ÉDITORIAL
Être visionnaire
Vendredi matin dernier, j’écoutais celui qui me semblait être un expert en urbanisme parler avec grande pertinence de l’urbanisme de Gatineau. À ma grande surprise, il s’agissait de Stefan Psenak. Quelques semaines auparavant, une de mes anciennes élèves du PÉI de Grande-Rivière m’avait contacté afin de me sensibiliser sur le thème du développement urbain; elle savait par mes éditoriaux que ce sujet m’interpellait et, comme elle travaillait pour l’organisme « Vivre en ville », elle avait trouvé cette démarche naturelle et logique. Elle m’apprit alors – nous étions fin août – que Greg Fergus allait faire une annonce au sujet de la ligne de tramway ouest-est. Quelle ne fut pas ma déception de constater que l’annonce concernait en fait une énième consultation et une nouvelle étude, avant d’aller peut-être de l’avant un jour! On peut toujours rêver. Pourtant nous voilà aujourd’hui en campagne électorale pour la mairie, avec de possibles changements à la clef.
À ce sujet, j’ai entendu plusieurs fois le mot de « vision ». Terme galvaudé si l’on y regarde de plus près. En effet, parler de baisser les taxes (qui sont toujours trop élevées, vous remarquerez — un cliché néo-libéral —); de rajouter des bus pour faciliter le transport; de construire des écoquartiers (sont-ils vraiment plus écologiques ou plutôt porteurs de bénéfices économiques pour leurs constructeurs); de cesser les divisions au sein du conseil; d’être pour ou contre un parti municipal… C’est donc cela avoir une vision pour la ville de Gatineau? Je comprends que ses sujets méritent débat, mais peut-on également voir plus profond et plus loin?
Être à l’écoute des citoyens est une chose, mais s’il vous plait, Mesdames et Messieurs les candidats, montrez que vous avez réfléchi sur vous-mêmes, pensé à notre avenir et que vous vous présentez avec une vision ambitieuse mais lucide, raisonnée mais audacieuse, de l’avenir de notre communauté. Disons dans deux générations? Avoir une « vision » de la gestion des affaires municipales (meilleure communication, recherche du consensus, meilleure gestion financière), c’est bien, mais selon moi réducteur. Élargissez votre horizon!

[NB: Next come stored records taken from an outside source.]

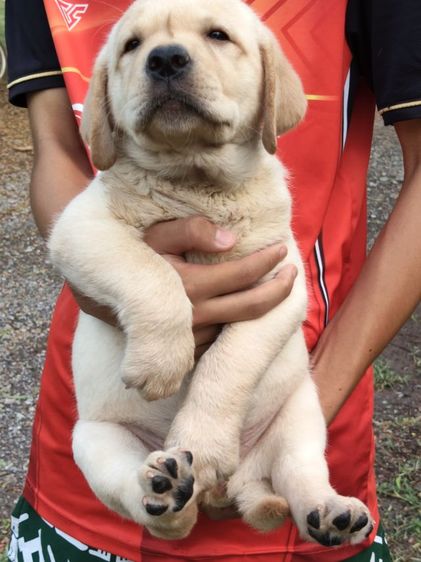 น้องลาบราดอร์สายพันธุ์แท้พ่อแม่มีใบเพทสายแชมป์น้องเป็นเด็กหญิงเฝ้าบ้านเป็นมิตรที่ดีกับคนฉลาดน่ารักฝึกสอนง่ายสนใจโทร0813643191ค่ะ รูปที่ 6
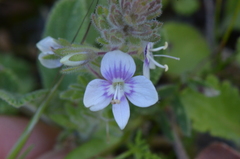Veronica cuneifolia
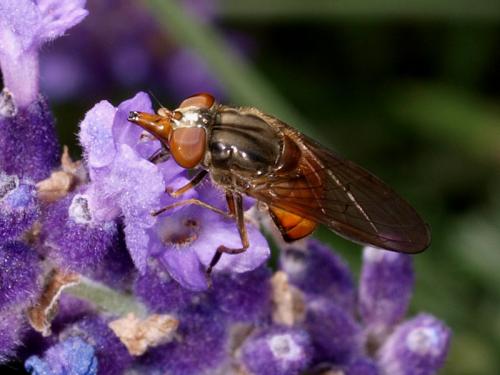 Réf. 46 849 : Rhingia campestris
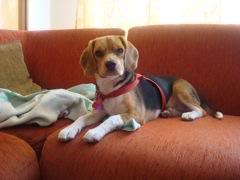 Lupita y Niko: dos beagles de Bogotá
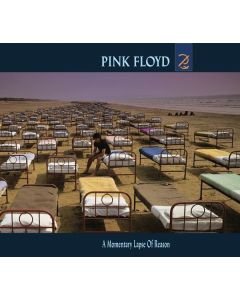 Pink Floyd - Momentary Lapse Of Reason CD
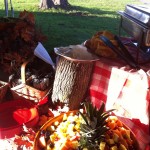 Blue Elephant Events and Catering at Laudholm Farm, Wells ME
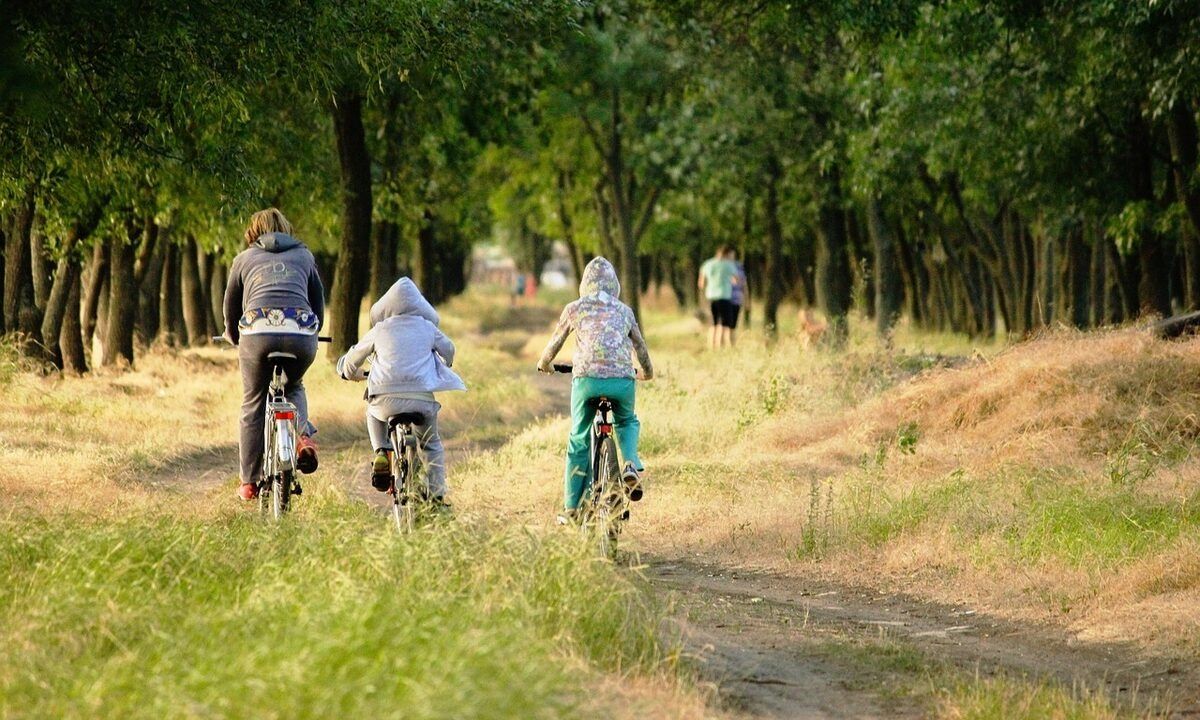 family-bike-forest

Et puis, ne comptez pas administrer la ville, ce gouvernement local, comme une entreprise. Pourquoi? Tout simplement, parce que vous interagirez avec des usagers, des bénéficiaires, des citoyens et non avec des clients; parce que le but n’est pas le profit (réduire les coûts en augmentant les bénéfices), mais l’assurance d’un service optimal à la population. Que les gens d’affaires qui se présentent et mettent en avant leurs qualités de chefs d’entreprises utilisent au moins les bons arguments : leadership, audace, goût pour l’innovation, capacité à garder une vision globale, à ne pas céder à la pression, ça, oui!
Par ailleurs, une chose m’agace particulièrement : constituer un programme à partir d’une consultation de la population. Du genre : « je suis un(e) grand(e) démocrate, je me préoccupe de vous, alors je fais du porte-à-porte afin d’élaborer ma plateforme électorale ». Cela s’appelle tout simplement de la démagogie ou du populisme. Si vous suivez vraiment les desiderata de chacun, votre programme politique sera constitué d’un fatras de mesures hétéroclites, voire contradictoires.
La véritable vision, elle, est globale et visionnaire, elle amène une cohérence dans la démarche et les solutions proposées. Comme un courant, elle entraine à sa suite un lot de mesures qui répondent à la même philosophie. Mais attention, futurs conseillers ou maire, vous devez être informés et conscients des vrais enjeux qui nous attendent. Si beaucoup des décisions qui nous touchent au premier chef dans notre quotidien viennent des municipalités, alors soyez certain(e) d’être humaniste, de voir loin et de vous hisser au-dessus de la mêlée.